No i w końcu…
W ten oto sposób spełniam jedno ze swych marzeń i rozpoczynam pisanie swojego autorskiego bloga związanego z zagadnieniami, którymi zajmuję się od 5 lat i którymi z pewnością będę zajmować się jeszcze przez jakiś czas. A zajmuję się szeroko pojętym zagadnieniem User Experience oraz analizą biznesową.
Za stworzenie UX’owego bloga zabierałem się już wiele razy, jednak dopiero niedawno znalazłem w sobie na tyle motywacji i determinacji, by ten cel zrealizować i po prostu zacząć pisać. Moje pierwsze podejście do założenia bloga miałem już w 2009 roku. Niestety, skończyło się na planach. W owym czasie nie było zbyt wiele polskich blogów nt. UX/Usability.
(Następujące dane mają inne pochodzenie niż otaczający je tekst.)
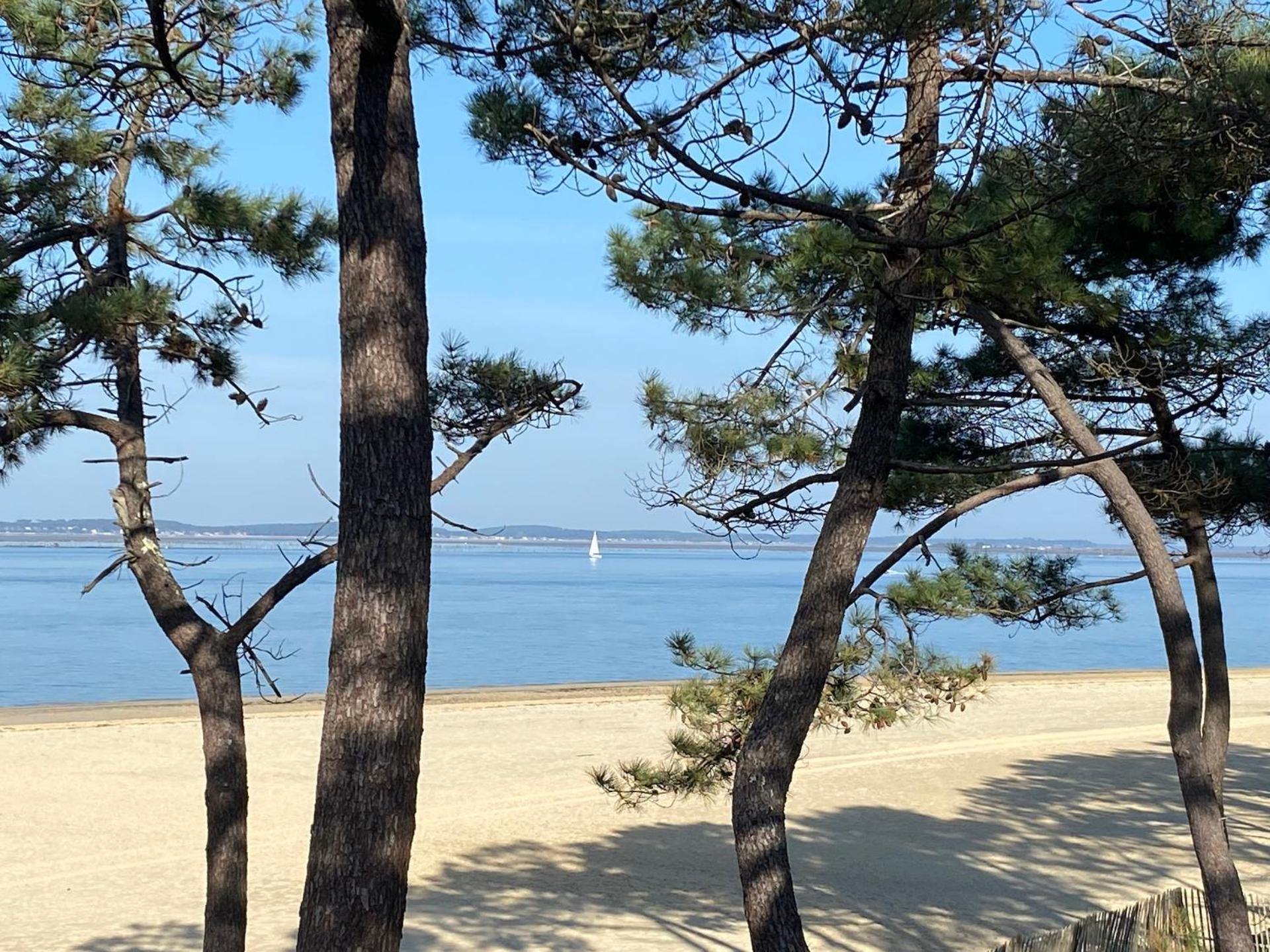 Les Lodges du Bassin d'Arcachon- Petit-déjeuner sur demande- Prestations haut de gamme Gujan-Mestras Exterior foto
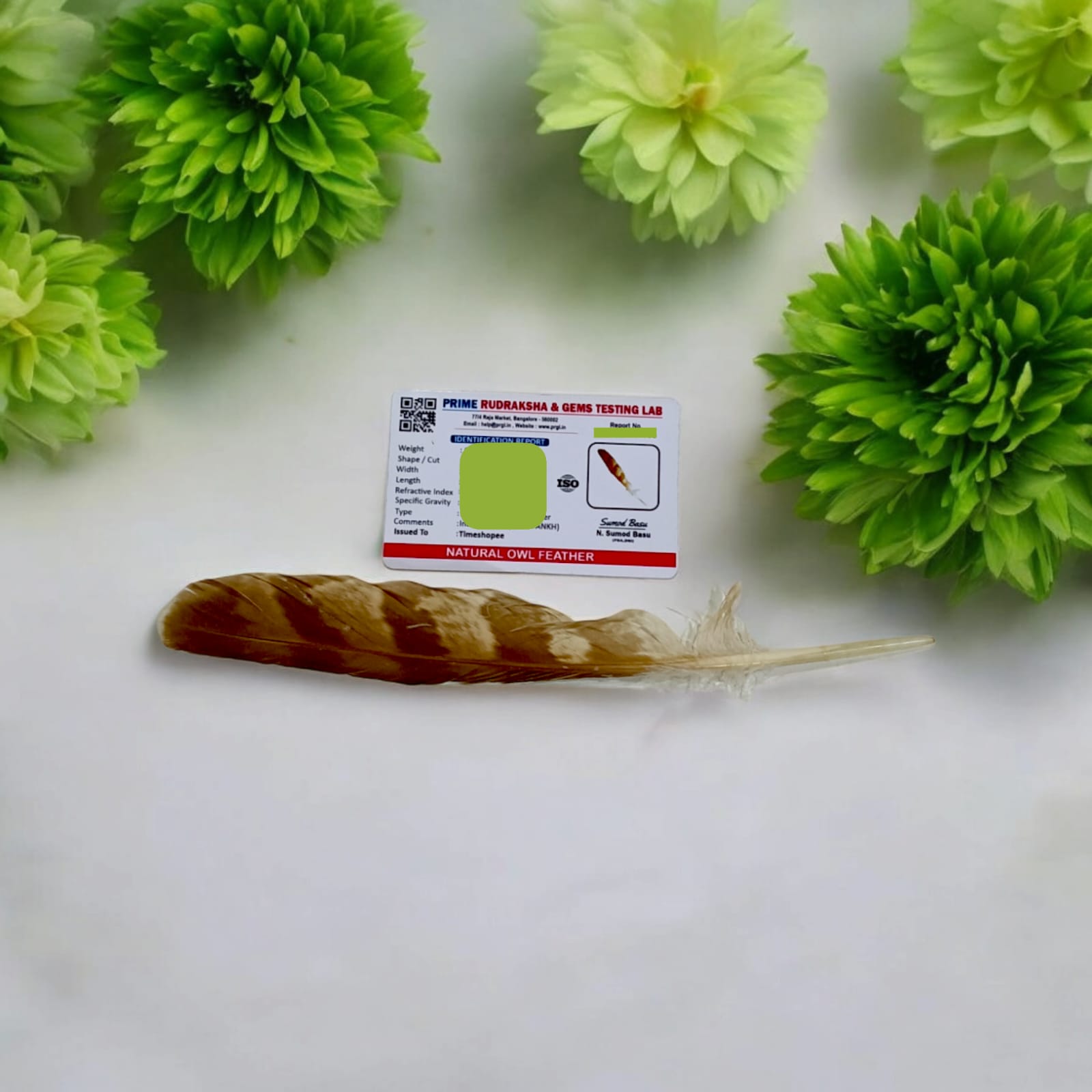 Lab-certified Natural Owl Feather (Ullu Ka Pankh) with unique natural patterns, symbolizing wisdom and protection.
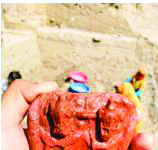Landmark archaeological discoveries by ASI in the land of Krishna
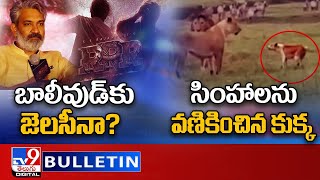 LIVE: RRR.. బాలీవుడ్‌కు జెలసీనా?  | సింహాలను వణికించిన కుక్క | TV9 Digital News Round Up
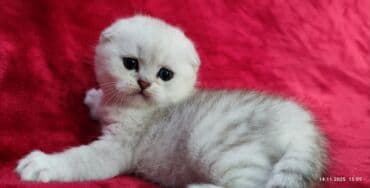 мышык фото: Скотиш Фолд (Шотландиялык шалпаң кулак), 2 айлык, Эркек, Күмүш өңдүү шиншилла — 15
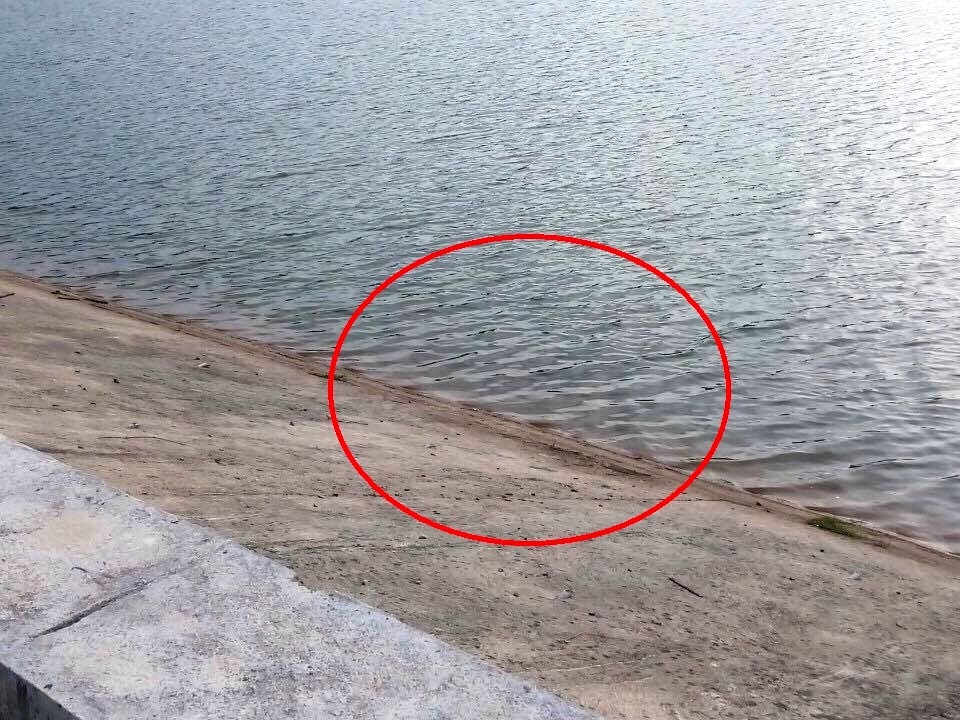 Truot chan nga, be gai mo coi chet duoi thuong tam hinh anh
Pamiętam, że czytałem wtedy głównie blogi Agi Szóstek, Marka Kasperskiego oraz Roberta Drózda, które zresztą czytam nieprzerwanie do dzisiaj i bardzo je sobie cenię. W kolejnych latach blogów, UX’owych powstawało coraz więcej. Temat pisania własnego bloga co jakiś czas do mnie wracał, jednak zawsze znajdowałem jakąś wymówkę, by w rezultacie bloga nie pisać. Jedną z moich ulubionych wymówek było to, że wszystkie fajne nazwy stron i blogów z 'UX’ w tytule są już zajęte.
No i dzisiaj stało się. Wtorek, 8 kwietnia 2014, blog właśnie poszedł live, więc teraz już tak łatwo z pisania nie wykręcę się. Pisać będę musiał. Ba, czuję że nie tylko będę musiał, lecz po prostu, będę chciał. Jest tyle ciekawych historii, przemyśleń i obserwacji, o których warto pisać i na temat których warto dyskutować. Będzie mi niezmiernie miło, jak będziesz tu co jakiś czas zaglądać, by dołączyć do rozmowy.
Póki co uciekam spakować się konferencję UX Poland, w ramach której mam w planach wziąć udział w warsztatach Alisana Atvura pt. „Service Design like a Psychotherapist”, dowiedzieć się masy ciekawych rzeczy od świetnych prelegentów, którzy wystąpią w tym roku, wspólnie z moją siostrą Agatą, opowiedzieć o tym, czego projektanci mogą nauczyć się od rugbystów na wózkach, poimprezować ze znajomymi UXowcami, poznać trochę nowych osób oraz, jak się uda, strzelić sobie selfie z Indi Young – tak z tą Inidi Young od modeli mentalnych.